Sommaire :
- Rappel des conditions requises pour désigner un RSS et le choix de la Cour de cassation d’ajouter une 5ème condition : la transparence financière ;
- Faits et procédure
- Question posée au Conseil constitutionnel
- Décision du Conseil constitutionnel
- Apport de la décision
- Analyse UNSA
1 – La transparence financière : une condition requise pour désigner un RSS :
Les syndicats non représentatifs peuvent désigner un représentant de la section syndicale (RSS), à condition de répondre aux exigences suivantes (c. trav. art.
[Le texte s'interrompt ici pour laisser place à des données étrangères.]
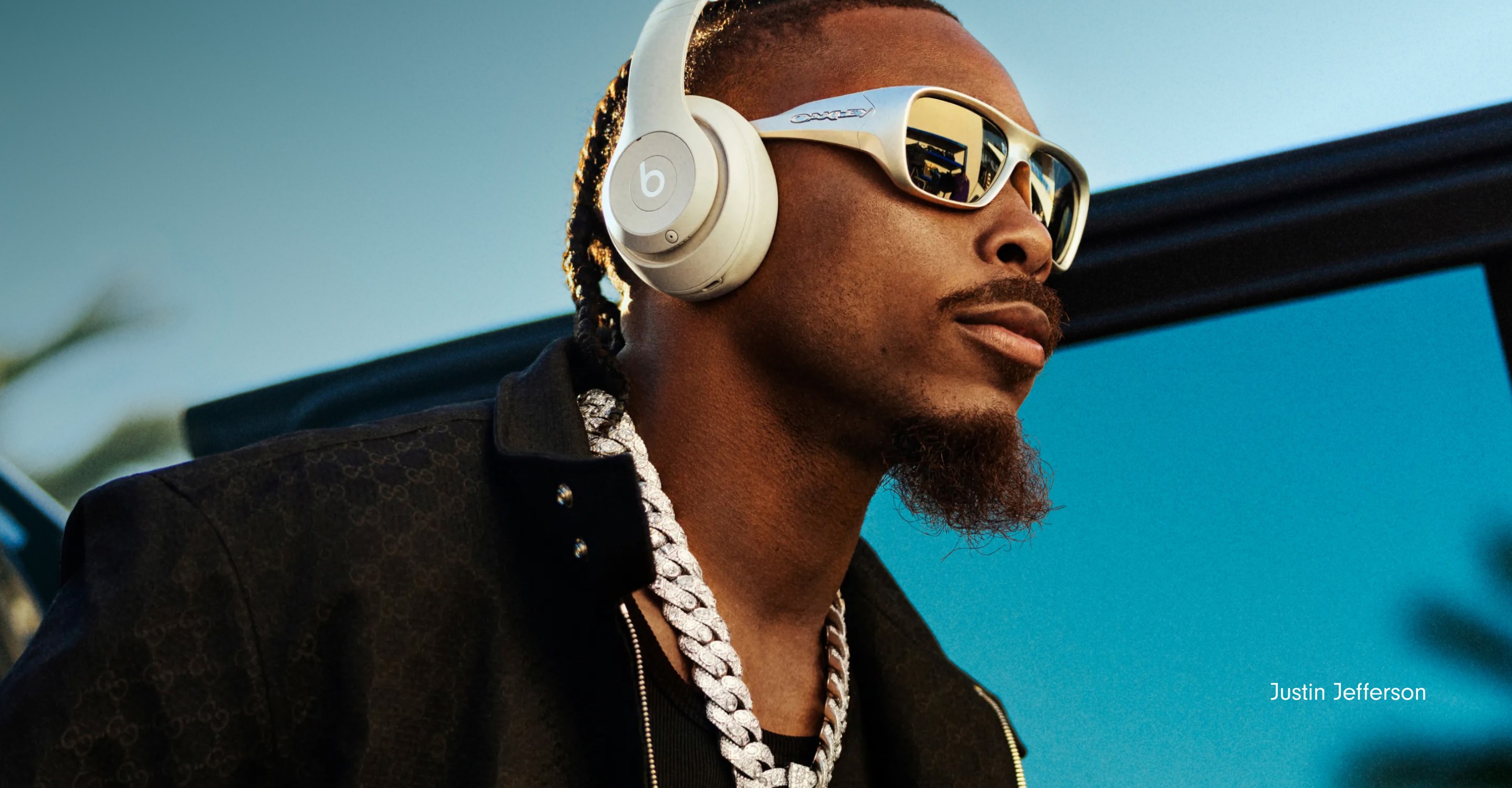 Athlete wearing Beats Studio Pro headphones in Sandstone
L. 2142-1 et L. 2142-1-1) :
-avoir au moins deux adhérents dans l’entreprise ou l’établissement ;
-satisfaire aux critères de respect des valeurs républicaines et d’indépendance ;
-être légalement constitué depuis au moins 2 ans ;
-avoir un champ professionnel et géographique qui couvre l’entreprise concernée.
En 2017, la Cour de cassation a créé la surprise en ajoutant une cinquième exigence, normalement réservée aux syndicats représentatifs (c. trav. art. L. 2121-1) : celle de la transparence financière (cass. soc. 22 février 2017, n° 16-60123, BC V n° 29). Elle a depuis réaffirmé sa position (cass. soc. 17 octobre 2018, n° 18-60030 FSPB ; cass. soc. 17 octobre 2018, n° 17-19732 FSPB).
2 -Faits et procédure :
L’union des syndicats anti-précarité (USAP) informe une entreprise de la désignation d’un représentant de section syndicale.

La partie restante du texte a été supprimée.